Inland trades at a market Cap of circa £126m. With a share price of about 68p.
Results for the year gave net asset value of £142m and an EPRA NAV of 102p per share. NAV is very realistic with very little Fixed Assets involved.
The final dividend was raised by 29% to 1.55p
Most of Inland’s operations experienced decent levels of growth.
A number of the newer initiatives helped drive results in some of the older sides of the business. In particular Housing Association home contracts created land sales.
The Bad
The average sales price being obtained by the open market homes fell to £290,000 from £306,000.
Private housing finished the year with a slightly lower order book than it started.
As with other builders there is always a risk that there may be a significant decrease in land values should the housing bubble burst. Given demand exceeds supply this looks unlikely but as relative to salaries house prices are historically high it is a risk.

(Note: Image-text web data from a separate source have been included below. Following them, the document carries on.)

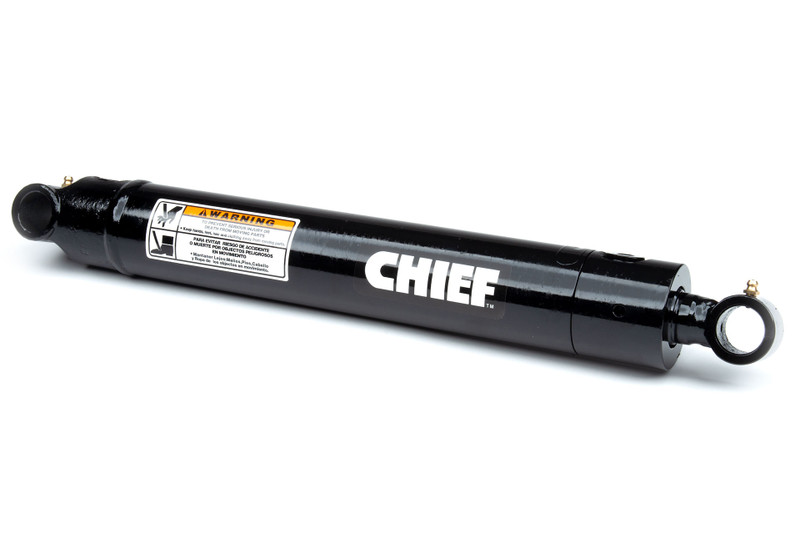Welded Hydraulic Cylinder: 3 Bore x 20 Stroke, 1.5 Rod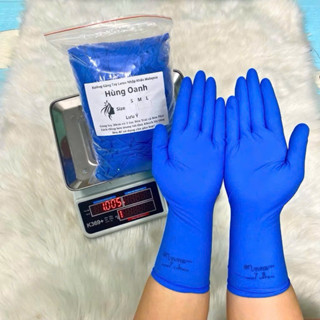 ( Chuẩn 1kg ) Găng tay cao su xanh dài 30cm không bột,chất liệu latexx,siêu bền,chống thủng,chống nước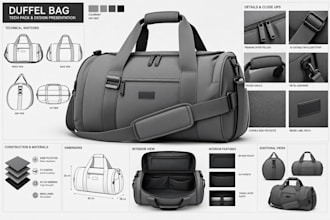 do 3d model high quality render bags 3d travel bag backpack design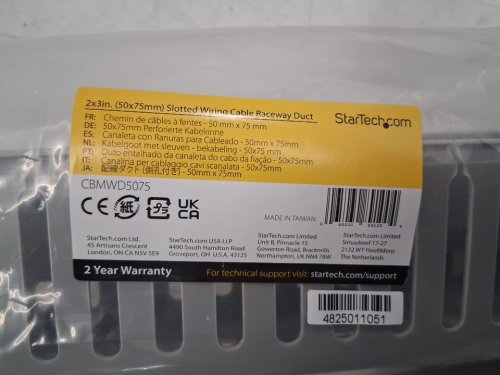 StarTech Open Slot Cable Management Raceway with Cover - 2" x 3" x 78" - grey image 2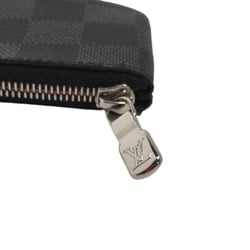 LOUIS VUITTON Coin Purse Key Case Graphite Pochette Cleat N60155 Louis Vuitton Gray LV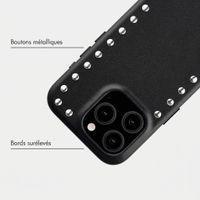 Selencia Coque arrière Studs avec MagSafe Apple iPhone 15 Pro - Velvet Black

Whilst the newer initiatives grow they require more management time and have separate requirements from the old business. They potentially have lower returns and to the extent synergies occur they potentially make the older core parts of Inland reliant on the new less profitable side driving down overall returns.

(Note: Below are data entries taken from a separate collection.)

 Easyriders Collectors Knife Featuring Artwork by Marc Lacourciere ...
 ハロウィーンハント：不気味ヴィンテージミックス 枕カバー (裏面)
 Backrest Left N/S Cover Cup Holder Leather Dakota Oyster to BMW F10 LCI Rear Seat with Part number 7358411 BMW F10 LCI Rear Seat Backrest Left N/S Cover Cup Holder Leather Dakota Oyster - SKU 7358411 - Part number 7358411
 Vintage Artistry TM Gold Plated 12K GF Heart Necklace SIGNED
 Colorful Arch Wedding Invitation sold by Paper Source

With all the new initiatives it is hard to really say what Is Inland’s core business or direction for the future. Each additional initiative perhaps makes sense in itself but when all are viewed its harder imho to see the wood for the trees
The Ugly.
Inland’s most prestigious development and potentially its most lucrative is blocked in planning with the relevant planning authority requiring a much higher % of affordable housing than Inland envisaged. At the moment the development is not proceeding and Inland claims it would not be economic for it to do so. This potentially could have a significant impact on NAV, EPRA or otherwise and returns for the next few years. Moreover given getting planning is Inland’s historical core skill failure at Wilton Park would not give possible partners increased confidence.
Inland has been a core holding for me as a Value play. But as it never delivers I do wonder more and more whether it is a value trap. I may reduce my holding from current levels and will be keeping an eye out for indicators as to what is happening at Wilton Park.